19 LISTOPADA

PONIEDZIAŁEK, Wspomnienie bł. Salomei, zakonnicy

EWANGELIA - Łk 18, 35-43 (Uzdrowienie niewidomego pod Jerychem)

Kiedy Jezus zbliżył się do Jerycha, jakiś niewidomy siedział przy drodze i żebrał. Gdy usłyszał, że tłum przeciąga, dowiadywał się, co się dzieje.
Powiedzieli mu, że Jezus z Nazaretu przechodzi.
Wtedy zaczął wołać: «Jezusie, Synu Dawida, ulituj się nade mną!» Ci, co szli na przedzie, nastawali na niego, żeby umilkł. Lecz on jeszcze głośniej wołał: «Jezusie, Synu Dawida, ulituj się nade mną!»
Jezus przystanął i kazał przyprowadzić go do siebie.
A gdy się zbliżył, zapytał go: «Co chcesz, abym ci uczynił?»
Odpowiedział: «Panie, żebym przejrzał».
Jezus mu odrzekł: «Przejrzyj, twoja wiara cię uzdrowiła».
Natychmiast przejrzał i szedł za Nim, wielbiąc Boga. Także cały lud, który to widział, oddał chwałę Bogu.

MEDYTACJA

Postawmy się na miejscu niewidomego, który siedzi przy drodze i żebrze.
Tym niewidomym może być każdy z nas.
Niewidomy to człowiek, który nie dostrzega Bożej rzeczywistości w swoim życiu, Jego troski i miłości lub nie widzi swoich słabości.
Często troszczy się o drobiazgi i zabiega o mało istotne rzeczy materialne, jak o najcenniejsze skarby...

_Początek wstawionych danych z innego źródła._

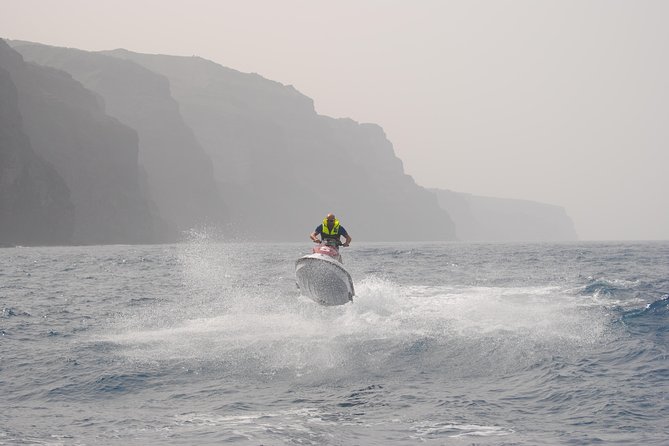 Individual Jet Ski In Playa Chica - Playa Chica is a handy launch point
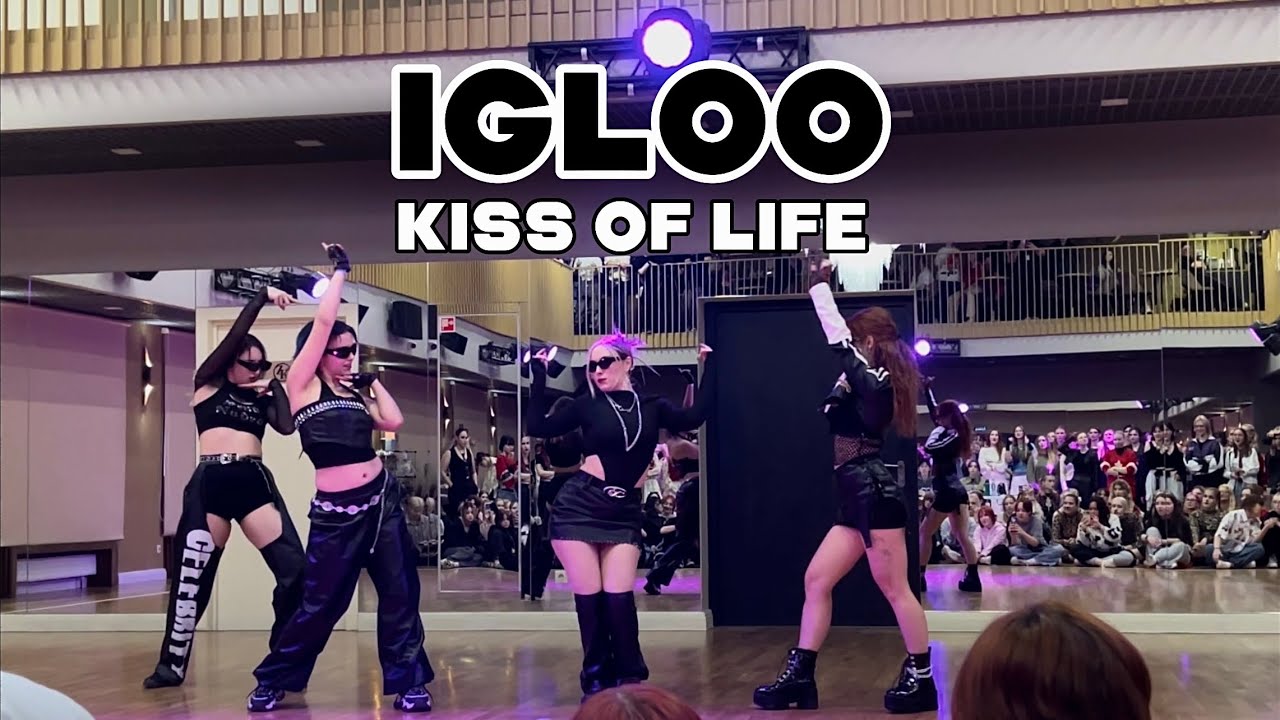 [PERFORMANCE | DEEP fest] KISS OF LIFE (키스오브라이프) | 'Igloo' | + intro | Dance  Cover by RED SPARK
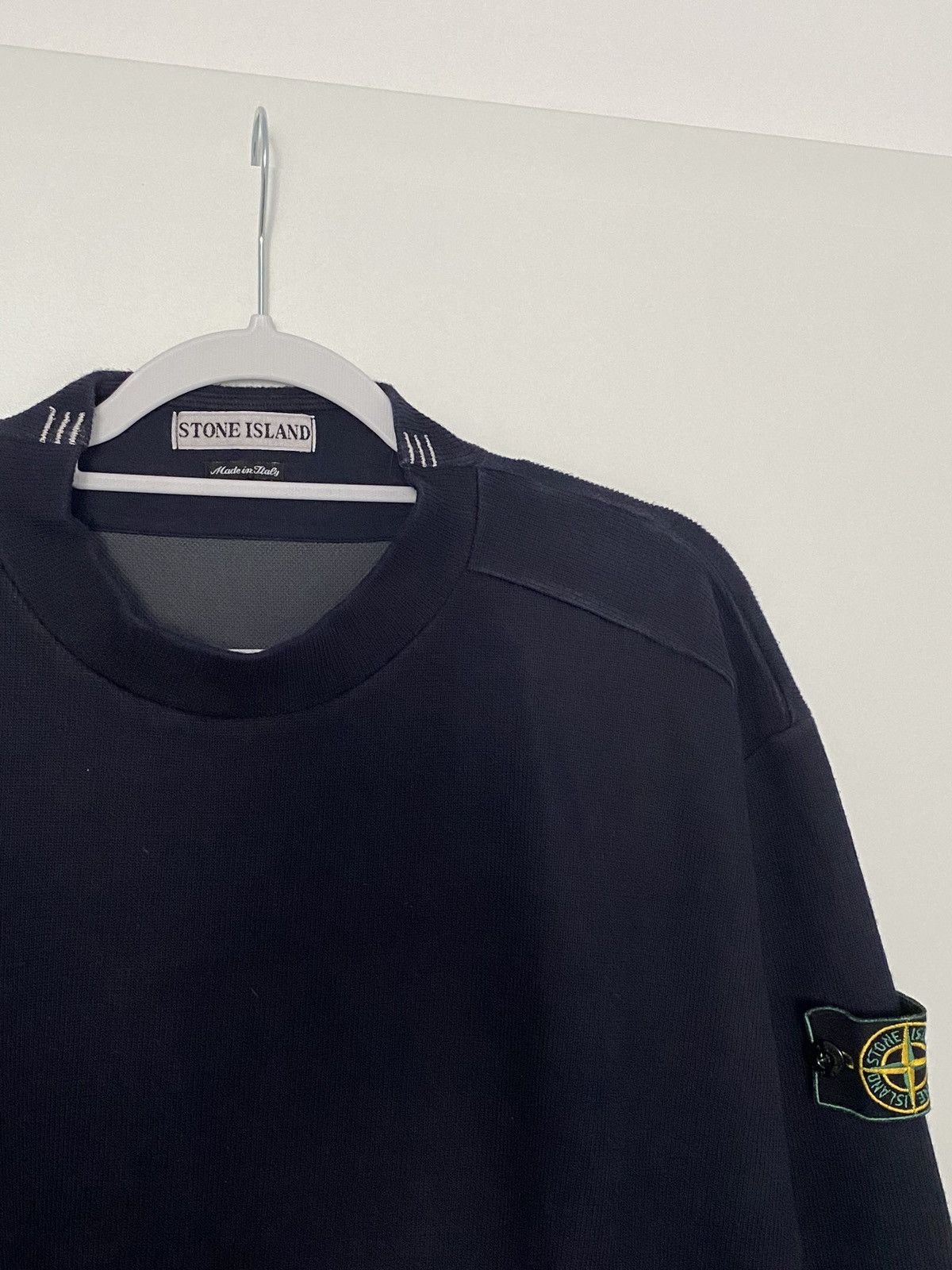 Stone Island × Vintage Stone Island 1998 Vintage Sweater Sweatshirt Rare L Size US L / EU 52-54 / 3 - 2 Thumbnail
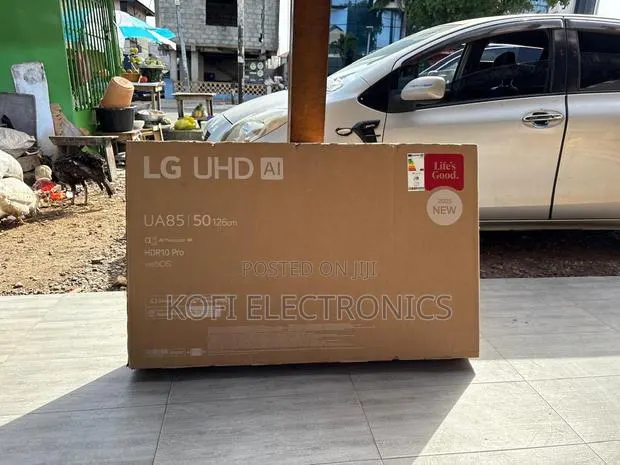 Modern Lg 50” Uhd Tv Sleek Design With Powerful Performance · Photo 1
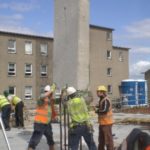 Precast Concrete Columns | Flood Precast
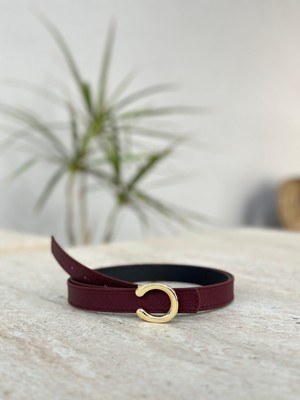 Erdesign Kadın Borfo Harf Kemer Kadın Kemer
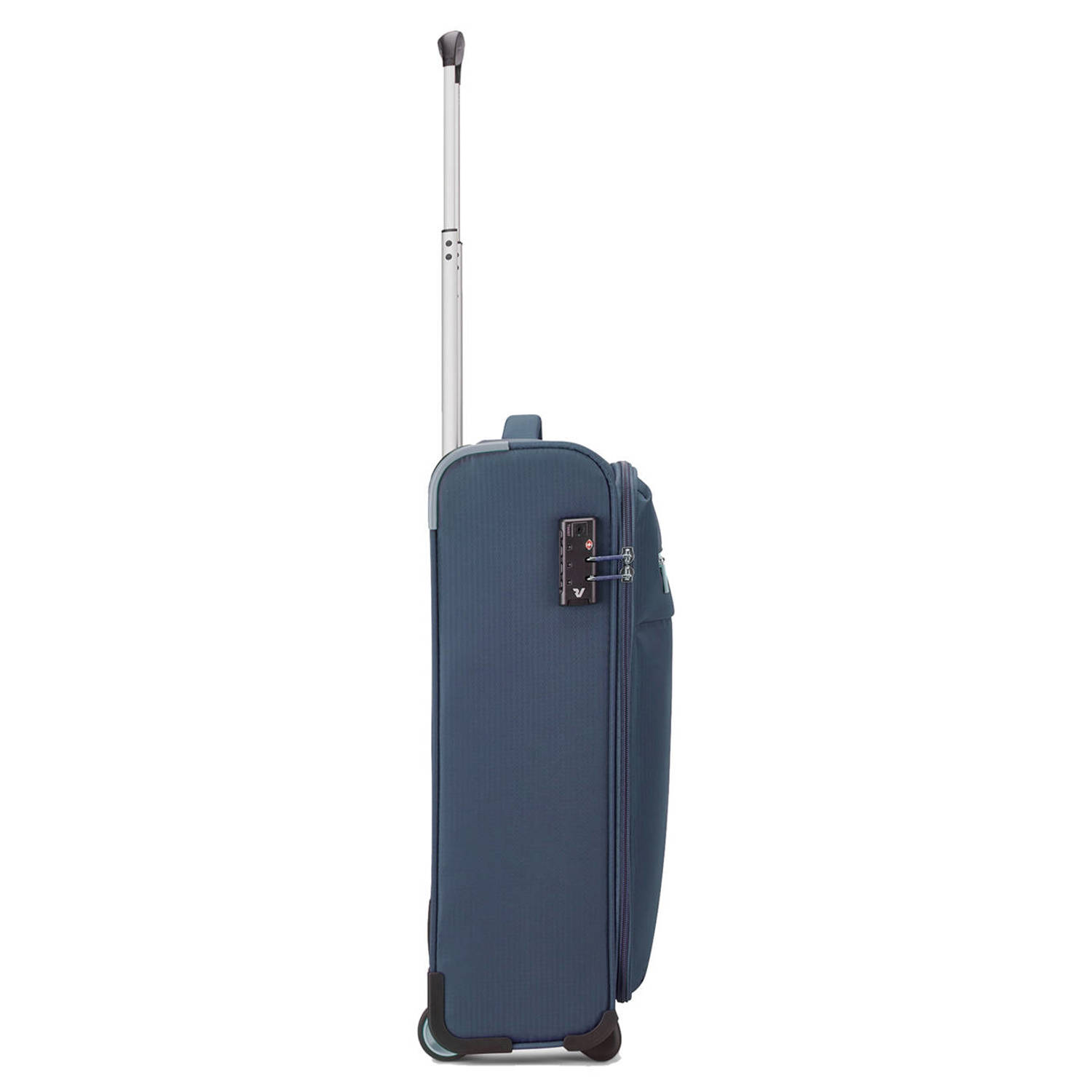 Roncato trolley Lite Soft 55 cm. donkerblauw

Ze ślepoty leczy wiara, czyli osobista relacja z Bogiem.
Wszystko zależy od relacji z Jezusem: z niej wynika nasz stosunek do ludzi, nasze zachowania i duchowy wzrost.
Jednak działanie Boga w nas nie jest przypadkowe.
Jezus mówi, że wytrwałość i determinacja niewidomego, a nie przypadek, sprawiły, że cud stał się możliwy...

Dojrzała wiara to taka, która ma jasno określony cel.
Wołanie niewidomego to nie prośba o jałmużnę, ale o doświadczenie czegoś więcej – żywej obecności Boga, która nadaje wszystkiemu sens...

Często stawiamy Bogu ultimatum dotyczące naszego życia: jeśli...
Jeśli Ty mi dasz to, o co Cię proszę, to wtedy ja... na pewno... będę trwać przy Tobie.
Czekamy na Jego pytanie - "Co chcesz, abym ci uczynił?" - jak na należny nam podarunek.
On za swoją bezinteresowną uwagę oczekuje od nas tylko jednego - wiary.
Niczego więcej.
Bo to najtrudniejsze, gdy wokół tyle niewiary i złego...

Każdy z nas jest niewidomy na swój sposób.
Często na przykład nie widzimy dobra, które nas otacza.
Albo nie widzimy własnego grzechu.
Albo nie widzimy obecności i działania Boga.
Dlatego powinniśmy wołać jak ten niewidomy z Ewangelii: "Jezusie, ulituj się nade mną, spraw, abym przejrzał".
I Jezus daje nam wyraźną wskazówkę, że ze ślepoty leczy nas wiara, czyli osobista więź z Jezusem, oparta na zaufaniu do Niego...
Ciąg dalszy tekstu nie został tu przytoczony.